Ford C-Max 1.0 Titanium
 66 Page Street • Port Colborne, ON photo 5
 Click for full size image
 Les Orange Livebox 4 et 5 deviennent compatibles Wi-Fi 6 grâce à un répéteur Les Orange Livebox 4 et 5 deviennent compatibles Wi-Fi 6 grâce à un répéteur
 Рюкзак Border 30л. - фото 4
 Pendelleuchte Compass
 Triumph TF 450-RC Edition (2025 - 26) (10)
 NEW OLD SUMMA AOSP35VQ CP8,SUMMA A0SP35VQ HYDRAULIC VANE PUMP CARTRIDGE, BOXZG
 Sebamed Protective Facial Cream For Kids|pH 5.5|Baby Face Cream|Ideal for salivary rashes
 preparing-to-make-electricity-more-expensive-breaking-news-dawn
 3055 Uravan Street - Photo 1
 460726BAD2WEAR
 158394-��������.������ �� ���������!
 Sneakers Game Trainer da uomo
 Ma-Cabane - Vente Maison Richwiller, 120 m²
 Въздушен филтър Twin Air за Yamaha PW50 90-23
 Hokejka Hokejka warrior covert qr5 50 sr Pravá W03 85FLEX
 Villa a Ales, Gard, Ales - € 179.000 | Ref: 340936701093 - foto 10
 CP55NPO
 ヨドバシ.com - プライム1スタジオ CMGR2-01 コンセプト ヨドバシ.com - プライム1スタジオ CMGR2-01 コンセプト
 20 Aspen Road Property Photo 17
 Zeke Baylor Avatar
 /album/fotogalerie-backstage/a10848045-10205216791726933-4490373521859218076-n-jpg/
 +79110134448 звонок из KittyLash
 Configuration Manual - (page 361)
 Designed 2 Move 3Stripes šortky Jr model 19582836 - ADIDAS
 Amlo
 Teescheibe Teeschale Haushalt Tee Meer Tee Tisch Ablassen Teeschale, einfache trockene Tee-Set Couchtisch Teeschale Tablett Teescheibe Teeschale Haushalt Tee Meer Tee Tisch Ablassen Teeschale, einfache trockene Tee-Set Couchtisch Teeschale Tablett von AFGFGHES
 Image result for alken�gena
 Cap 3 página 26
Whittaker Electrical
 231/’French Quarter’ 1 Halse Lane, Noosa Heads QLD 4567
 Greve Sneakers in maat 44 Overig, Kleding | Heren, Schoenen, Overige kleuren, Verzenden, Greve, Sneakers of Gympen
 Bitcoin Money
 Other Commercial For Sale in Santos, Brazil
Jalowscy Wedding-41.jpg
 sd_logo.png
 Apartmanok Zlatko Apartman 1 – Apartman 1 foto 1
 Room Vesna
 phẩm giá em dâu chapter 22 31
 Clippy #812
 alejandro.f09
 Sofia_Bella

EXERCISE DETAILS: Exactly as written above, please repeat the entries.

ANSWER FOR THE TASK:
Ford C-Max 1.0 Titanium
 66 Page Street • Port Colborne, ON photo 5
 Click for full size image
 Les Orange Livebox 4 et 5 deviennent compatibles Wi-Fi 6 grâce à un répéteur Les Orange Livebox 4 et 5 deviennent compatibles Wi-Fi 6 grâce à un répéteur
 Рюкзак Border 30л. - фото 4
 Pendelleuchte Compass
 Triumph TF 450-RC Edition (2025 - 26) (10)
 NEW OLD SUMMA AOSP35VQ CP8,SUMMA A0SP35VQ HYDRAULIC VANE PUMP CARTRIDGE, BOXZG
 Sebamed Protective Facial Cream For Kids|pH 5.5|Baby Face Cream|Ideal for salivary rashes
 preparing-to-make-electricity-more-expensive-breaking-news-dawn
 3055 Uravan Street - Photo 1
 460726BAD2WEAR
 158394-��������.������ �� ���������!
 Sneakers Game Trainer da uomo
 Ma-Cabane - Vente Maison Richwiller, 120 m²
 Въздушен филтър Twin Air за Yamaha PW50 90-23
 Hokejka Hokejka warrior covert qr5 50 sr Pravá W03 85FLEX
 Villa a Ales, Gard, Ales - € 179.000 | Ref: 340936701093 - foto 10
 CP55NPO
 ヨドバシ.com - プライム1スタジオ CMGR2-01 コンセプト ヨドバシ.com - プライム1スタジオ CMGR2-01 コンセプト
 20 Aspen Road Property Photo 17
 Zeke Baylor Avatar
 /album/fotogalerie-backstage/a10848045-10205216791726933-4490373521859218076-n-jpg/
 +79110134448 звонок из KittyLash
 Configuration Manual - (page 361)
 Designed 2 Move 3Stripes šortky Jr model 19582836 - ADIDAS
 Amlo
 Teescheibe Teeschale Haushalt Tee Meer Tee Tisch Ablassen Teeschale, einfache trockene Tee-Set Couchtisch Teeschale Tablett Teescheibe Teeschale Haushalt Tee Meer Tee Tisch Ablassen Teeschale, einfache trockene Tee-Set Couchtisch Teeschale Tablett von AFGFGHES
 Image result for alken�gena
 Cap 3 página 26
Whittaker Electrical
 231/’French Quarter’ 1 Halse Lane, Noosa Heads QLD 4567
 Greve Sneakers in maat 44 Overig, Kleding | Heren, Schoenen, Overige kleuren, Verzenden, Greve, Sneakers of Gympen
 Bitcoin Money
 Other Commercial For Sale in Santos, Brazil
Jalowscy Wedding-41.jpg
 sd_logo.png
 Apartmanok Zlatko Apartman 1 – Apartman 1 foto 1
 Room Vesna
 phẩm giá em dâu chapter 22 31
 Clippy #812
 alejandro.f09
 Sofia_Bella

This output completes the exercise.